Exercise * Use iterative loop to fill h_mc_px and h_delta_px, use calc from before * Plot all three histograms overlaid into one figure with plt.stairs

# do exercise here

# solution

for chunk in event.iterate(["trk_px", "trk_imc", "mc_trk_px"]):
    h_px.fill(ak.flatten(chunk["trk_px"]))
    h_mc_px.fill(ak.flatten(chunk["trk_px"]))
    h_delta_px.fill(calc(chunk))
    
for h, label in ((h_px, "px"), (h_mc_px, "mc_px"), (h_delta_px, "delta_px")):
    plt.stairs(h.values(), h.axes[0].edges, label=label)
    
plt.legend();

Histograms can be reduced
Shrink axis range with slices and using loc
Make binning coarser with rebin

from boost_histogram.tag import loc, rebin

h_delta_px_2 = h_delta_px[loc(-0.5):loc(0.5):rebin(2)]

for h in (h_delta_px_2, h_delta_px):
    plt.stairs(h.values(), h.axes[0].edges,
               label=f"{len(h.values())} bins")
plt.legend();

Beyond 1D histograms

Supports advanced axis types (e.g. category axis)
Supports higher dimensional histograms
Supports generalized histograms with binned statistics (aka “profile” in ROOT)

# check detector momentum resolution in x for different particle species

p_axis = bh.axis.Regular(50, -2, 2)
pid_axis = bh.axis.IntCategory([], growth=True)

# profile: compute mean of reconstructed px in bins of mc_px for different particle species

p_2d = bh.Histogram(p_axis, pid_axis, storage=bh.storage.Mean())

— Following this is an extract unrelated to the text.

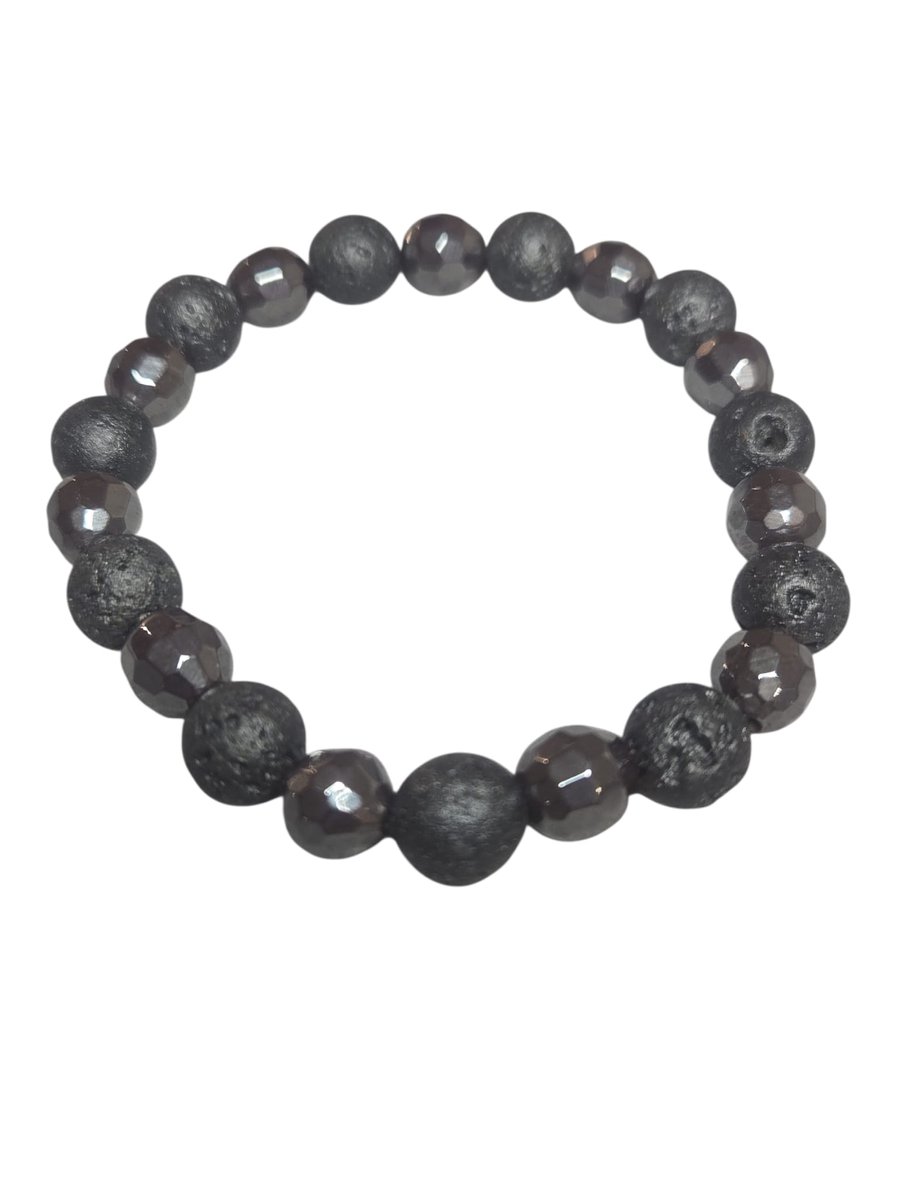 Lavasteen met hematiet armband.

branches = ["trk_px", "trk_imc", "mc_trk_px", "mc_trk_pid"]
for data in event.iterate(branches):
    for px, imc, mc_px, mc_pid in zip(*(data[b] for b in branches)):
        # select only tracks with associated true particle
        mask = imc >= 0
        px = px[mask]
        associated = imc[mask]
        mc_px = mc_px[associated]
        mc_pid = mc_pid[associated]

        p_2d.fill(mc_px, mc_pid, sample=px)

p_2d

Histogram(
  Regular(50, -2, 2),
  IntCategory([-321, 211, 2212, -2212, -211, 321], growth=True),
  storage=Mean()) # Sum: Mean(count=3240, value=0.000433322, variance=0.263444)

We use particle library to look-up properties of particles based on their particle ID
Get name, mass, life-time, quark content, …

import particle
print(f"particle {particle.__version__}")

particle 0.23.1

pids = p_2d.axes[1]
for i, pid in enumerate(pids):
    part = particle.Particle.from_pdgid(pid)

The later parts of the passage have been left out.